Labour suspends Ken Livingstone over Hitler remarks

Former London mayor branded a ‘disgusting Nazi apologist’ after his Hitler ‘Zionist’ claim

Labour has suspended former London mayor Ken Livingstone from the party after he said that Adolf Hitler had supported Zionism before he murdered six million Jews. The move followed a storm of protest from Labour MPs, one of whom branded Mr Livingstone a "disgusting Nazi apologist".

The move against Mr Livingstone comes amid a controversy over anti-Semitism within the party after Bradford MP Naz Shah was suspended for comments she made on social media about Israel and the Jews. The former mayor, who is a close ally of Labour leader Jeremy Corbyn, made his remarks about Hitler while defending Ms Shah during an interview with BBC London.

“Let’s remember, when Hitler won his election in 1932 his policy then was that Jews should be moved to Israel. He was supporting Zionism before he went mad and ended up killing six million Jews,” he said.

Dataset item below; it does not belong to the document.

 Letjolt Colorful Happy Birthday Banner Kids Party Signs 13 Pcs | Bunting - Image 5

"There has been a very well-orchestrated campaign by the Israel lobby to smear anybody who criticises Israeli policy as anti-Semitic. I had to put up with 35 years of this, being denounced because back in 1981 we were campaigning to say the Labour Party should recognise the Palestine Liberation Organisation. "

READ MORE

Hitler's persecution of the Jews escalated during his 12 years in power from a policy of violence and discrimination aimed at driving them out of Germany to the "final solution" of murdering all the Jews in Europe. Zionism emerged in the wake of 19th-century European nationalist movements with the aim of establishing a Jewish-majority state in their historic homeland of Israel.

Labour MP John Mann confronted Mr Livingstone later on Thursday at the BBC studios in London, in an angry exchange caught on camera by ITV News.

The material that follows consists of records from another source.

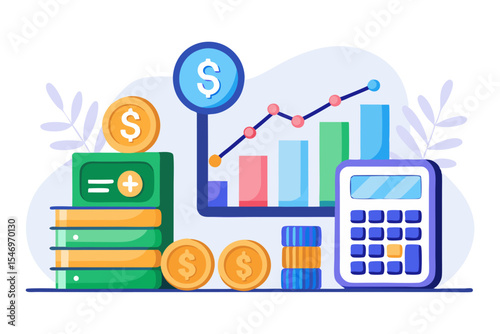 A colorful illustration depicting financial growth with coins, books, a rising graph, and a calculator. It symbolizes accounting, investment, wealth management, and economic progress.
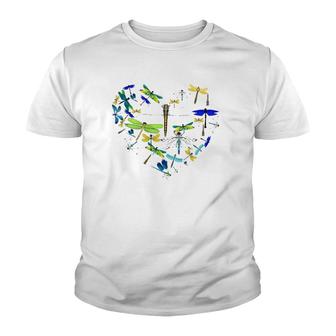 Heart Colorful Dragonflies Lover Gift Youth T-shirt | Mazezy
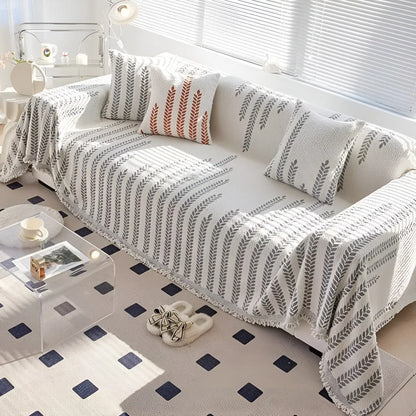 Sofa Cover Microfiber Leaf Pattern & Fringed Edge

"You're a lying racist, a Nazi apologist. You're a disgusting Nazi apologist, Livingstone," Mr Mann said. "You're rewriting history. Go back and check what Hitler did. There is a book called Mein Kampf."

Condemnations

As other Labour MPs, including the party’s candidate for London mayor,

Sadiq Khan

, joined in the condemnation of Mr Livingstone’s remarks, Labour announced he was being suspended. Mr Corbyn said Labour would not tolerate “anti-Semitism in any form whatsoever in our party”.

The Labour leader faced criticism for being slow to act against Ms Shah after it emerged she had posted incendiary messages about Israel and the Jews on Facebook before she became an MP. Ms Shah apologised on Wednesday for sharing an image that advocated relocating Israel to the United States, adding the comment "problem solved".

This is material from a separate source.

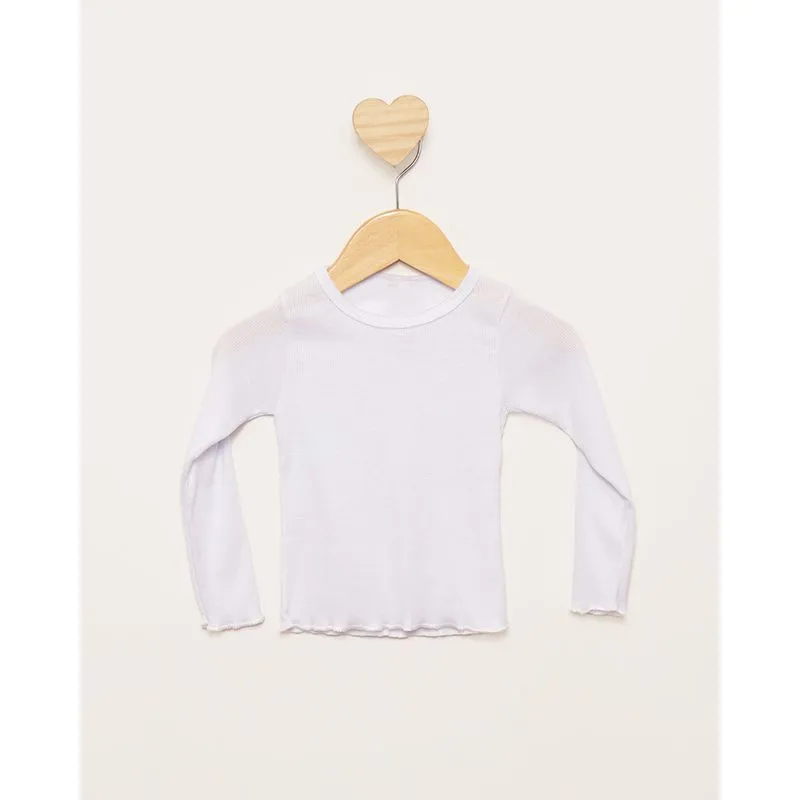 Blusa Bebê Canelada Manga Longa Branca 2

She had also urged social media contacts to vote in a poll on Israeli conduct towards Palestinians, because “the Jews are rallying”.

Mr Livingstone's remarks on Thursday caused greater offence to Jews because they linked Hitler to Zionism and the Board of Deputies of British Jews called for his expulsion from the Labour Party. David Cameron said it was clear Labour had a problem with anti-Semitism.

Racism

“I think they have got to recognise that anti-Semitism is like racism. It is unacceptable in a modern political party and every political party facing this problem has got to deal with it. And as I said to Jeremy Corbyn some weeks ago, when I was shouted down in the House of Commons with cries of ‘disgraceful’ from the Labour benches, they’ve got a problem. It is now totally apparent they have got a problem. And they have got to deal with it,” he said.

Mr Livingstone defended his remarks, claiming his critics were confusing anti-Semitism with criticism of Israeli government policies. "Blurring these two things undermines the real importance of anti-Semitism, because a real anti-Semite doesn't just hate the Jews in Israel, they hate their Jewish neighbour in Golders Green or in Stoke Newington. It's a physical loathing," he told the BBC.